(Given records Opens)
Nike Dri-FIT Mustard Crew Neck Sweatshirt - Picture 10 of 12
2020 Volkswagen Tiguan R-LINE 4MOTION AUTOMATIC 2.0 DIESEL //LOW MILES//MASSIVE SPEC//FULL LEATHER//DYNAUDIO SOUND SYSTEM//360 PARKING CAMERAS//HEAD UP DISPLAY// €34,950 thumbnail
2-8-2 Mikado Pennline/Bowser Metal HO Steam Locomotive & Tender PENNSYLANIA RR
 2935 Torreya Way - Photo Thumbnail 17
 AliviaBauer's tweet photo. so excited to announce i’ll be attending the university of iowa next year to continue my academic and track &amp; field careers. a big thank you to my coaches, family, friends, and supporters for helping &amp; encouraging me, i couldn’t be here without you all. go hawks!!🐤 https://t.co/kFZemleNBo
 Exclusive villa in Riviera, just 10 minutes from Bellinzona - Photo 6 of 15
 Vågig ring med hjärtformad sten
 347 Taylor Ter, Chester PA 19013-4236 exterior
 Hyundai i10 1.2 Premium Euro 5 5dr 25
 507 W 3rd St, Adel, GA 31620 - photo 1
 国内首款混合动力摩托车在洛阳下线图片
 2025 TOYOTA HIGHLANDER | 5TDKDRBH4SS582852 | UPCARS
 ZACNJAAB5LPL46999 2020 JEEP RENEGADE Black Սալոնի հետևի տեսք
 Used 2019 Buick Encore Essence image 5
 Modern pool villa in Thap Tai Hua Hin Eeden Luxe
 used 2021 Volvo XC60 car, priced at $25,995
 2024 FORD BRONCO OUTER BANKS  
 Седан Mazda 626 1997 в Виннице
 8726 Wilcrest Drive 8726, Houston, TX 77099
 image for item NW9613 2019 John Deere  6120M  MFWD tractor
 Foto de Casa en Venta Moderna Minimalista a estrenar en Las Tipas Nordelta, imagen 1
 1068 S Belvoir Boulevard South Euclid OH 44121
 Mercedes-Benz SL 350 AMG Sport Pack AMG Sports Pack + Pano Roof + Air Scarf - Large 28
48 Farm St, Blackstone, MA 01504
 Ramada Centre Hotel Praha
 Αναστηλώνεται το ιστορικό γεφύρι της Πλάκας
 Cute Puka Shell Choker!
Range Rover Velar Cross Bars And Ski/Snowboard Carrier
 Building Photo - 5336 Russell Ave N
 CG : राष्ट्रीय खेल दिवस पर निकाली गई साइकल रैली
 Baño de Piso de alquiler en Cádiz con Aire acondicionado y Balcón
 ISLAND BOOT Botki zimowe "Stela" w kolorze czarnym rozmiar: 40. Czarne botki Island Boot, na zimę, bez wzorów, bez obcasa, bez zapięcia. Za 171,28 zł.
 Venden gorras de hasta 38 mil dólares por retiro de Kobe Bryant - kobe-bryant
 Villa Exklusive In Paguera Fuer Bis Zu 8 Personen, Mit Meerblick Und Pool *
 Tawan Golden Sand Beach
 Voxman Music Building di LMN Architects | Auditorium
(Given records Closes)
**Your objective**
In the entries above, find the line holding "AliviaBauer's tweet photo." and the line holding "ISLAND BOOT Botki", then retype exactly those two lines and every line between them, and nothing else.

**Solved problem**
 AliviaBauer's tweet photo. so excited to announce i’ll be attending the university of iowa next year to continue my academic and track &amp; field careers. a big thank you to my coaches, family, friends, and supporters for helping &amp; encouraging me, i couldn’t be here without you all. go hawks!!🐤 https://t.co/kFZemleNBo
 Exclusive villa in Riviera, just 10 minutes from Bellinzona - Photo 6 of 15
 Vågig ring med hjärtformad sten
 347 Taylor Ter, Chester PA 19013-4236 exterior
 Hyundai i10 1.2 Premium Euro 5 5dr 25
 507 W 3rd St, Adel, GA 31620 - photo 1
 国内首款混合动力摩托车在洛阳下线图片
 2025 TOYOTA HIGHLANDER | 5TDKDRBH4SS582852 | UPCARS
 ZACNJAAB5LPL46999 2020 JEEP RENEGADE Black Սալոնի հետևի տեսք
 Used 2019 Buick Encore Essence image 5
 Modern pool villa in Thap Tai Hua Hin Eeden Luxe
 used 2021 Volvo XC60 car, priced at $25,995
 2024 FORD BRONCO OUTER BANKS  
 Седан Mazda 626 1997 в Виннице
 8726 Wilcrest Drive 8726, Houston, TX 77099
 image for item NW9613 2019 John Deere  6120M  MFWD tractor
 Foto de Casa en Venta Moderna Minimalista a estrenar en Las Tipas Nordelta, imagen 1
 1068 S Belvoir Boulevard South Euclid OH 44121
 Mercedes-Benz SL 350 AMG Sport Pack AMG Sports Pack + Pano Roof + Air Scarf - Large 28
48 Farm St, Blackstone, MA 01504
 Ramada Centre Hotel Praha
 Αναστηλώνεται το ιστορικό γεφύρι της Πλάκας
 Cute Puka Shell Choker!
Range Rover Velar Cross Bars And Ski/Snowboard Carrier
 Building Photo - 5336 Russell Ave N
 CG : राष्ट्रीय खेल दिवस पर निकाली गई साइकल रैली
 Baño de Piso de alquiler en Cádiz con Aire acondicionado y Balcón
 ISLAND BOOT Botki zimowe "Stela" w kolorze czarnym rozmiar: 40. Czarne botki Island Boot, na zimę, bez wzorów, bez obcasa, bez zapięcia. Za 171,28 zł.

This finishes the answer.